• **Instructions for the task**
Word for word, repeat each of the records below.

─── Records shown ───

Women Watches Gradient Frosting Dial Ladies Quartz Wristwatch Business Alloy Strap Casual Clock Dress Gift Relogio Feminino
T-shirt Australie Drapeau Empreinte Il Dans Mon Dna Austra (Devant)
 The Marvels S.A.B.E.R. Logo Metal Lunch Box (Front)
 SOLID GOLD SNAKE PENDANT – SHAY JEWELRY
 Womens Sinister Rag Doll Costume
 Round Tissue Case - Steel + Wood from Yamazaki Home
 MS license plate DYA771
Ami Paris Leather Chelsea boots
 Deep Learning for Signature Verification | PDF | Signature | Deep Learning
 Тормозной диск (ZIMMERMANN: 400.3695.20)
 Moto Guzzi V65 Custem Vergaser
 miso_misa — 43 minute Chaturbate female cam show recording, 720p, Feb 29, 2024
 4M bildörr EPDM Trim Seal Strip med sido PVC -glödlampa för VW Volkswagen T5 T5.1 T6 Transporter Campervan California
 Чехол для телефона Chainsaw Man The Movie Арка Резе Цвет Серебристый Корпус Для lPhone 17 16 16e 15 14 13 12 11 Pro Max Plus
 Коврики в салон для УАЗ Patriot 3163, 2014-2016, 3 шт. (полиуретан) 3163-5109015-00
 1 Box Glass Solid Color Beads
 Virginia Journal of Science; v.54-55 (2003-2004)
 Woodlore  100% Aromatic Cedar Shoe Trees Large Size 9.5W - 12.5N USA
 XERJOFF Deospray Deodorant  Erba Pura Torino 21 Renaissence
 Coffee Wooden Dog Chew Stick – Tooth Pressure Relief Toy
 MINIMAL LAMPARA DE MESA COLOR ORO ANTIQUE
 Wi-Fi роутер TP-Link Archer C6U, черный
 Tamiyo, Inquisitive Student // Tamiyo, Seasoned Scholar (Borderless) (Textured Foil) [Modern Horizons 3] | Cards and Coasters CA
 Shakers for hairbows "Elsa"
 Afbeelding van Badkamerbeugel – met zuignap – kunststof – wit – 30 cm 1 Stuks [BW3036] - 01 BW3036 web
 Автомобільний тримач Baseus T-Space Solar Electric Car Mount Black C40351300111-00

───

• **Solution to the exercise**
Women Watches Gradient Frosting Dial Ladies Quartz Wristwatch Business Alloy Strap Casual Clock Dress Gift Relogio Feminino
T-shirt Australie Drapeau Empreinte Il Dans Mon Dna Austra (Devant)
 The Marvels S.A.B.E.R. Logo Metal Lunch Box (Front)
 SOLID GOLD SNAKE PENDANT – SHAY JEWELRY
 Womens Sinister Rag Doll Costume
 Round Tissue Case - Steel + Wood from Yamazaki Home
 MS license plate DYA771
Ami Paris Leather Chelsea boots
 Deep Learning for Signature Verification | PDF | Signature | Deep Learning
 Тормозной диск (ZIMMERMANN: 400.3695.20)
 Moto Guzzi V65 Custem Vergaser
 miso_misa — 43 minute Chaturbate female cam show recording, 720p, Feb 29, 2024
 4M bildörr EPDM Trim Seal Strip med sido PVC -glödlampa för VW Volkswagen T5 T5.1 T6 Transporter Campervan California
 Чехол для телефона Chainsaw Man The Movie Арка Резе Цвет Серебристый Корпус Для lPhone 17 16 16e 15 14 13 12 11 Pro Max Plus
 Коврики в салон для УАЗ Patriot 3163, 2014-2016, 3 шт. (полиуретан) 3163-5109015-00
 1 Box Glass Solid Color Beads
 Virginia Journal of Science; v.54-55 (2003-2004)
 Woodlore  100% Aromatic Cedar Shoe Trees Large Size 9.5W - 12.5N USA
 XERJOFF Deospray Deodorant  Erba Pura Torino 21 Renaissence
 Coffee Wooden Dog Chew Stick – Tooth Pressure Relief Toy
 MINIMAL LAMPARA DE MESA COLOR ORO ANTIQUE
 Wi-Fi роутер TP-Link Archer C6U, черный
 Tamiyo, Inquisitive Student // Tamiyo, Seasoned Scholar (Borderless) (Textured Foil) [Modern Horizons 3] | Cards and Coasters CA
 Shakers for hairbows "Elsa"
 Afbeelding van Badkamerbeugel – met zuignap – kunststof – wit – 30 cm 1 Stuks [BW3036] - 01 BW3036 web
 Автомобільний тримач Baseus T-Space Solar Electric Car Mount Black C40351300111-00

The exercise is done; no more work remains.